How To Scale Easily with Distributed Cache in Elixir

Elixir is a modern language with first-class support for concurrency and distributed applications. Things that can be challenging in other languages can be done in Elixir with minimal effort. One of those things is a distributed cache without any additional infrastructure. Such an approach can reduce your infrastructure costs, provide excellent performance, and work well with cloud autoscaling.

This article’s primary goal is to show the effort you need to bring a distributed caching solution to the Elixir app, and provide some insights and helpful hints based on our experience.

Motivation

We have a service that holds configurations. Our microservices platform can request multiple configurations during one external request, and configuration requests can involve multiple requests to underlying storages like DynamoDB and others. Configurations, however, do not change often, so they can be an ideal subject for in-memory caching optimization.

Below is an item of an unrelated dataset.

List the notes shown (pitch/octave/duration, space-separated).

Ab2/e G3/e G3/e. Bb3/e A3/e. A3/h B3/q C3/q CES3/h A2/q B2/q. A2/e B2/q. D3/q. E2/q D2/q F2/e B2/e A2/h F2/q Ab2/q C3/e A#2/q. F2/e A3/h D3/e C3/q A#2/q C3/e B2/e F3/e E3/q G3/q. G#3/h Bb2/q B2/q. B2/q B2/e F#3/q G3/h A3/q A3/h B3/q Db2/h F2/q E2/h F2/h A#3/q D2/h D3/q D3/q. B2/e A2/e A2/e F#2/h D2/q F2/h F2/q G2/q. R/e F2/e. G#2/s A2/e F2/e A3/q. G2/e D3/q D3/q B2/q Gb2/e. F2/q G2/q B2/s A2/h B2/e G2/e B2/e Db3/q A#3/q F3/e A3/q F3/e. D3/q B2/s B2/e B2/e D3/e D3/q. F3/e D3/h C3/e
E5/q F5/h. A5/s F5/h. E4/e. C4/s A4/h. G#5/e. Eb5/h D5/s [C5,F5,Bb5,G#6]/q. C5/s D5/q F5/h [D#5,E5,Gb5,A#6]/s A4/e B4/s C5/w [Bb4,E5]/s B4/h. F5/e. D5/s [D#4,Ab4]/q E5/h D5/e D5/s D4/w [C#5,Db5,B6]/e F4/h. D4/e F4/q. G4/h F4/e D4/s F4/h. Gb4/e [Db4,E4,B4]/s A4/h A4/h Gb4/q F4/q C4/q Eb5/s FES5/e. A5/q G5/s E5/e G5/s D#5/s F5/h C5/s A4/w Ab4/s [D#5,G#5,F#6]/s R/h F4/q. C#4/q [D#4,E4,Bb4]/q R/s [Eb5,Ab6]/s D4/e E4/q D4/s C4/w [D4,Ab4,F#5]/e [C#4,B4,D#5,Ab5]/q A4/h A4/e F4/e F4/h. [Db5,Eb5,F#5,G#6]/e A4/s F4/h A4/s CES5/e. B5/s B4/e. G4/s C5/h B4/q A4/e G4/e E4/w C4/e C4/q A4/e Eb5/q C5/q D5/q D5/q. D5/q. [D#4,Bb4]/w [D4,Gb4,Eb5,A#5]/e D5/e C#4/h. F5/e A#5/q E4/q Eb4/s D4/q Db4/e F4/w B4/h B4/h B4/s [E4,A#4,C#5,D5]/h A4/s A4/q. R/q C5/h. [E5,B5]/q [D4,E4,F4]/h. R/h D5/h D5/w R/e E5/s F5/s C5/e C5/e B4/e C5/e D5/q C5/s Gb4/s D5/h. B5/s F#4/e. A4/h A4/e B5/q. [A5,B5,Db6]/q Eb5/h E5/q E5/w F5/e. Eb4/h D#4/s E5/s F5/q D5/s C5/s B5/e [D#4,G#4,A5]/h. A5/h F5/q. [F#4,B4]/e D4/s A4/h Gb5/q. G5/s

In our team, each second week we have an “Innovation Day” when we can freely experiment with our services, propose any improvements, and clean up annoying parts of the code. We can do any technical stuff that can be useful without bureaucracy stoppers. Last year on one of these days, a week before Black Friday, we made a prototype of distributed caching. We expect a significant load spike during Black Friday and Cyber Monday as a retail platform, and we realized that distributed caching could be a remarkable improvement to our system before this period. So, we spent one more day polishing it and deployed it to production. It worked without any issues! As a result, our service started to return sub-millisecond responses!

Fortunately, our solution is pretty simple, so let me show you how you can enable distributed caching in your own Elixir project. In practice, you probably already have an application to speed up, but let’s set up a simple HTTP service in Elixir before we proceed. Shortly, I’ll also highlight a few essential details about Elixir and its ecosystem if you’re not familiar with this technology.

Prerequisite: HTTP Service with No Caching

Elixir is a VM-based language. It uses Erlang‘s VM called BEAM. An instance of BEAM is called a node. One node can efficiently utilize all your CPU cores, so you don’t usually need more than one node on one physical machine. In most cases, when you run your Elixir app locally, you start one VM node.

Elixir has first-class support for parallelism and utilizes the Actor Concurrency Model (actors are called processes in Erlang terminology). On top of that, Elixir follows Erlang/OTP conventions, and each Elixir app is a Supervisor Tree. Oversimplifying: an app consists of independent processes that work like small services. There are supervisors that ensure all processes are running or can be restarted if needed. Yes, Elixir/Erlang runtime reminds a set of microservices organized by Kubernetes.

If you are interested in learning and experimenting with Elixir, consider visiting the official “Getting Started” guide or Elixir School‘s resources.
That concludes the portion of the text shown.